I think one thing that I've also come to conclude about atheist materialism, especially in light of the ubiquitious denial by atheist, scientistic materialists that free thought is impossible because a mind capable of it could not fall within the material causation that their ideology demands everything does fall within, is the enemy of human freedom, not its champion and defender. The self-designated "free thinkers" typically are in the position of denying the very thing they claim to do is impossible.


Walter Brueggemann is right, a free God is necessary as the source of human freedom, the imagined God of freedom's reality is evidenced in that God's allowance of human freedom as a freely chosen endowment of sentient beings, as is sentience, itself. I'd say that far from being a source of oppression, inslavement, conformity and ignorance, the God as imagined by Moses is the source of those possibilities in human culture but such a conception of God is not merely far from being the source of those evils, that God is definitively separate from such things.

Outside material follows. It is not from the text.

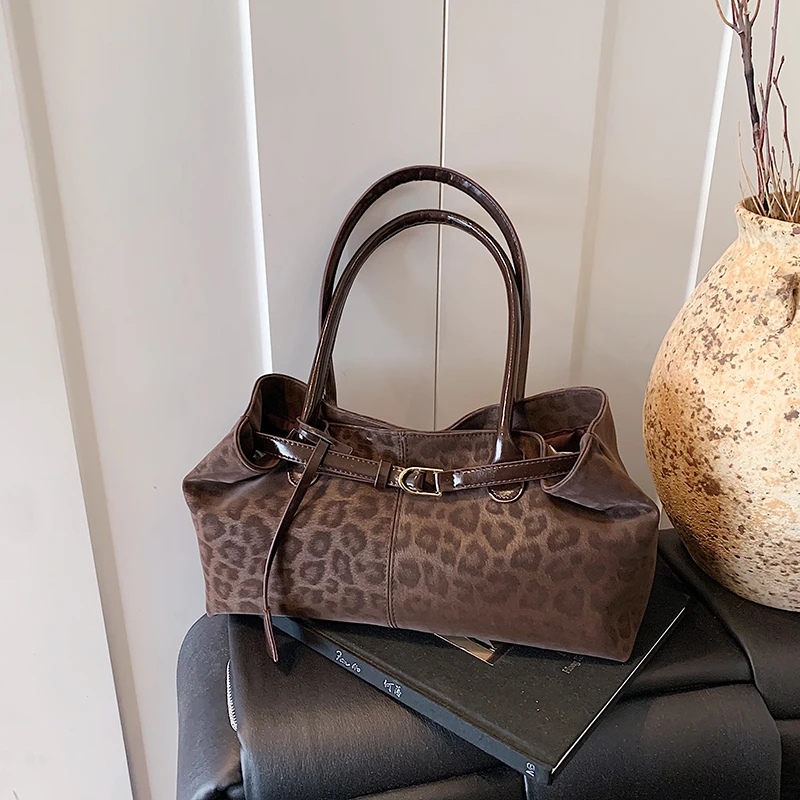 Women Hand Bags Sale - Bolsos de hombro con cerrojo de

The material gods of European paganism, of Egyptian paganism are the kinds of static gods subject to things such as the will of other gods and, either as vague suggestion or of overt declaration, subject to fate, are the gods of imperial, oppressive imaginings. Such gods are the gods of an oppressive, enslaving order. In later European culture and in the United States, we have elevated such imaginary gods substituting the names of the Jewish-Christian God and Jesus for them, much to the scandalization of those who want to believe thin those anti-Christian gods in order to deny the genuine conception of God and the documented Jesus of the Gospels and the Epistles. The gods of American-Brit Mammonism are, in fact, not the God of Abraham, Issac and Jacob, they are not the God who informed the imagination of Moses or the one who Jesus taught, they are an entirely different thing and those are the enemy of human freedom, dignity and the sustaining of life on Earth.

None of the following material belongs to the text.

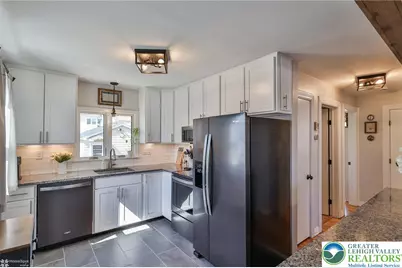 529 Oakwood Street, Palmer Twp, PA 18045 - Photo 11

Human freedom cannot, I have come to believe, rest on anything short of the free God as perceived by Moses and Jesus, whether others in other traditions call that God by the same words or not. The static material gods of atheism, scientism, materialism or paganisms which share in such deficiently imagined gods will inevitably produce oppression. And, as Walter Brueggeman notes, the largest part of the Jewish scriptures document how hard it is to maintain that imagination of the real God who, early on in Exodus, Moses imagines as being entirely different, entirely outside of his or humanities ability to imagine. It is that dimension of the imagination of Moses which I find powerfully convincing that what he was perceiving, what he was imagining, was the real God or creation, the God who created us as free beings endowed with abilities to surpass fate (material causation) and to become free IF WE ACT ACCORDING TO THE LAW, the summation is to do unto others as we would have them do unto us. To treat them as free and worthy of dignity and respect.

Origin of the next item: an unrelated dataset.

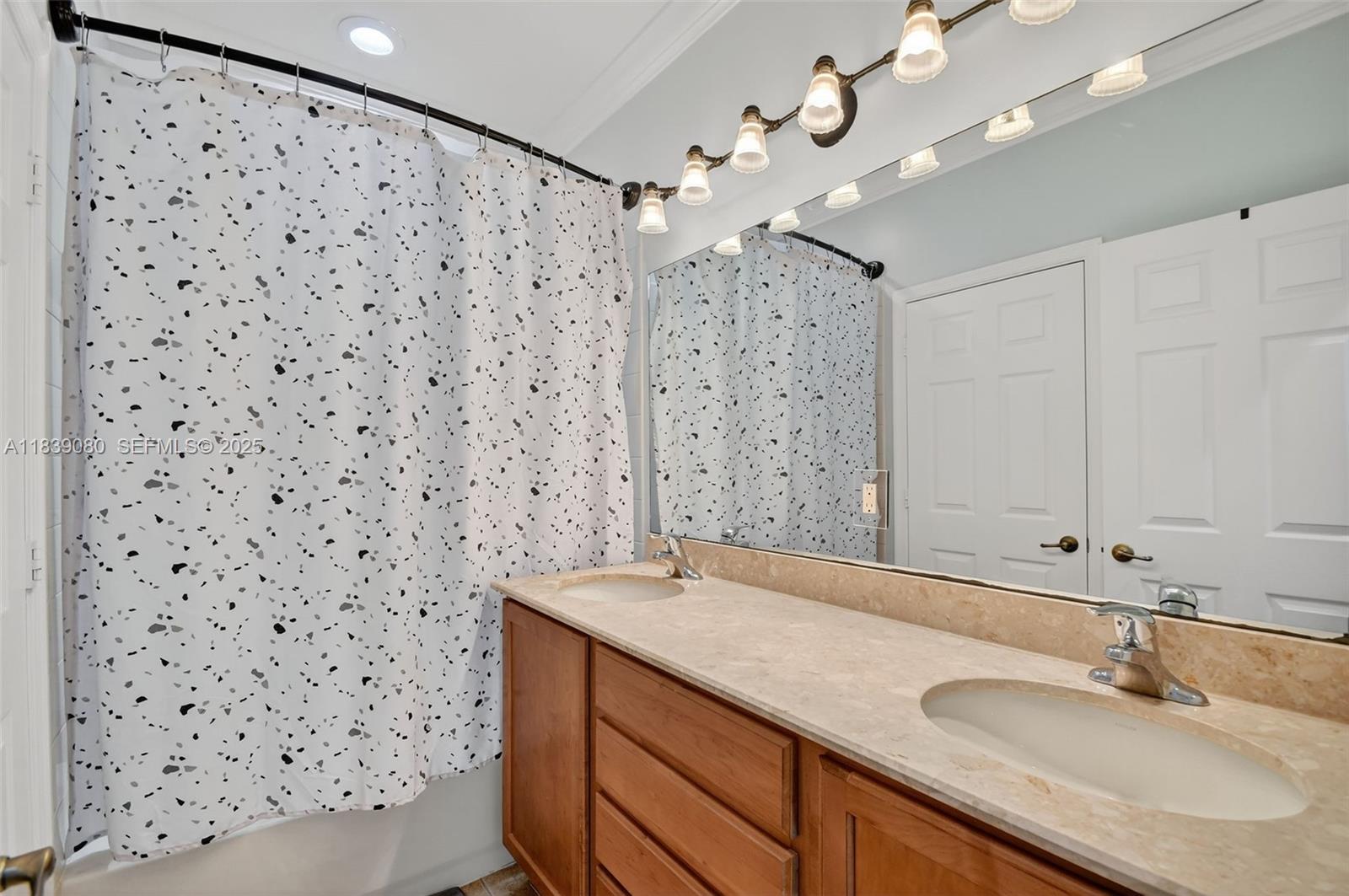 1086 Grove Park Circle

* I think it's well past due time that we admit that in the 20th century cosmology, conventionally considered a science, has, in fact, become a matter of ideological materialist ideology, for the most part. As, in fact, has a great deal of evolutionary biology, especially that area which was born in an attempt to disprove God by science, abiogenesis. I would include the ideological atheist Carl Sagan's "exobiology" only it's such an absurdity that I doubt most scientists would claim it as science - unless they're making grant money and getting appointments over it.